I am creating an application which is trigger when an audio file is uploaded into a container. This audio file trigger an Azure function and run "Speech-To-Text" using Azure cognitive service (So my function is waiting for an answer from that service). I set up a "FUNCTIONS_WORKER_PROCESS_COUNT" at 5 in order to allow each of my function app instance to run several speech-to text analysis in parallel.

SO I uploaded 100 blob into my container to check my function behaviour, here is what I get :

Function app is triggered and start several servers (5 for 100 blobs) and then start processing 1 blob per server until it has been more than 30 minutes since I uploaded blob and then I get a Timeout.

But I was expecting this behaviour : Function app is triggered and start several servers. Each servers process 5 blobs in parallel and give me an answer in 15 to 20 minutes for all of my blobs !

So I don't get 2 things here. W

  • Why are my functions not processing 5 blobs per server instead of 1 blob per server ? (I set up "FUNCTIONS_WORKER_PROCESS_COUNT" at 5) ?
  • And my blobs seems to be processed as soon as they appear in the container instead of putting in a queue. And this behaviour is responsible of time out since they are waiting for quite a long time instead of being processed .. WHy ?

I hope I was clear .. Thank you for your help !

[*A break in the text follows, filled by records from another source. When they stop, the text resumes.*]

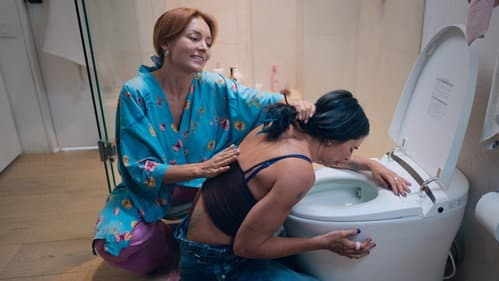 Backdrop do filme: Socias por accidente
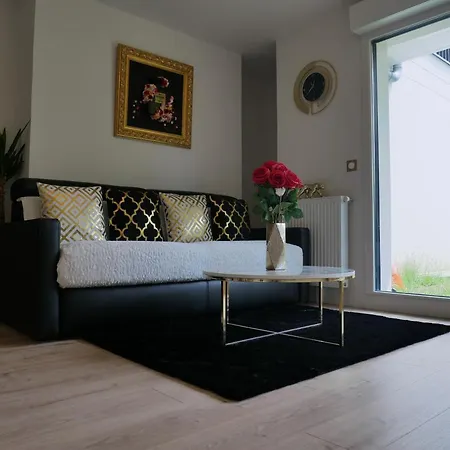 Appartement Sublime Romainville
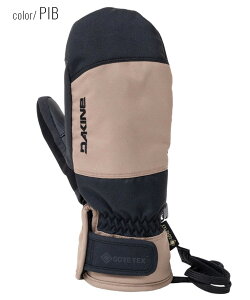 �_�G���g���[�Ń|�C���gP10�{�^ �y2526�z DAKINE �_�J�C�� �X�m�[�{�[�h �O���[�u ���f�B�[�X SILVIA GORE-TEX MITTS �~�g�� �S�A�e�b�N�X �����T�L�X�|�[�c 25-26���f�� MX L6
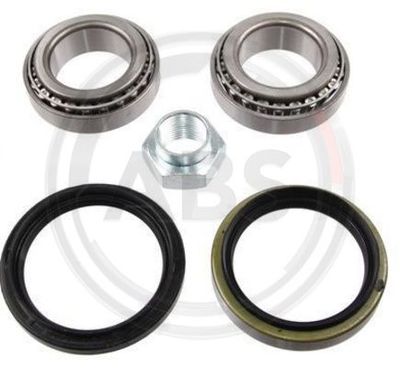 Wheel Bearing Kit A.B.S. 200044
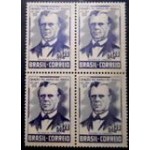 1953 C 0300 Visconde de Itaborahy N QD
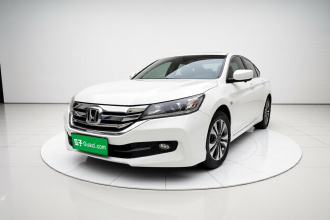 本田 雅阁 2014款 2.0L LX 舒适版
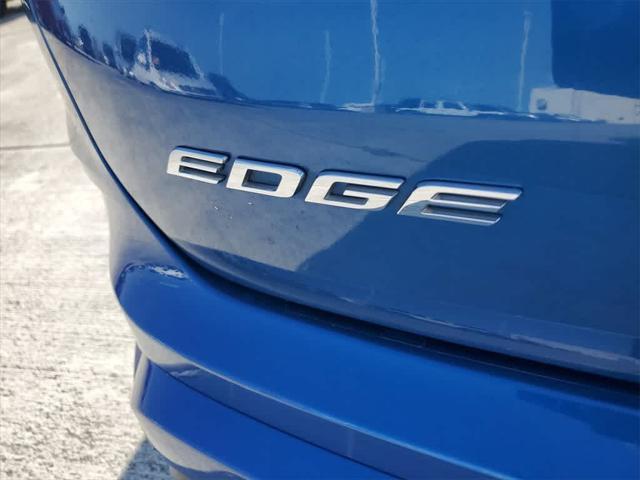 used 2019 Ford Edge car, priced at $13,490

EDIT : I just added 100 blobs to see how function app is reacting, and my freshly uploaded blobs are being processed before the ones that I uploaded at the begining.

1

1 Answers

1
votes

1. For your first question:

As far as my understanding, Python is a single-threaded runtime.

Because Python is a single-threaded runtime, a host instance for Python can process only one function invocation at a time. For applications that process a large number of I/O events and/or is I/O bound, you can improve performance significantly by running functions asynchronously.

And it is right that the FUNCTIONS_WORKER_PROCESS_COUNT makes you run 5 blob triggered functions per host, but it would run one by one if you are using the same resource, which means even you could run 5 process at the same time, if the first process is running your function, the second process (run the same function) would waiting; if your first process is waiting for the data come in, the second process would running first.

Here is an article how FUNCTIONS_WORKER_PROCESS_COUNT works.

And you can check how many worker instances you are using. If you have 100 blobs to trigger your function and 5 worker process set per worker instance, it should starts 20 instances for consuming the request. (Welcome to correct me if I'm wrong.)


2. For your second question:

The Blob storage trigger starts a function when a new or updated blob is detected.

That's how blob triggered function works.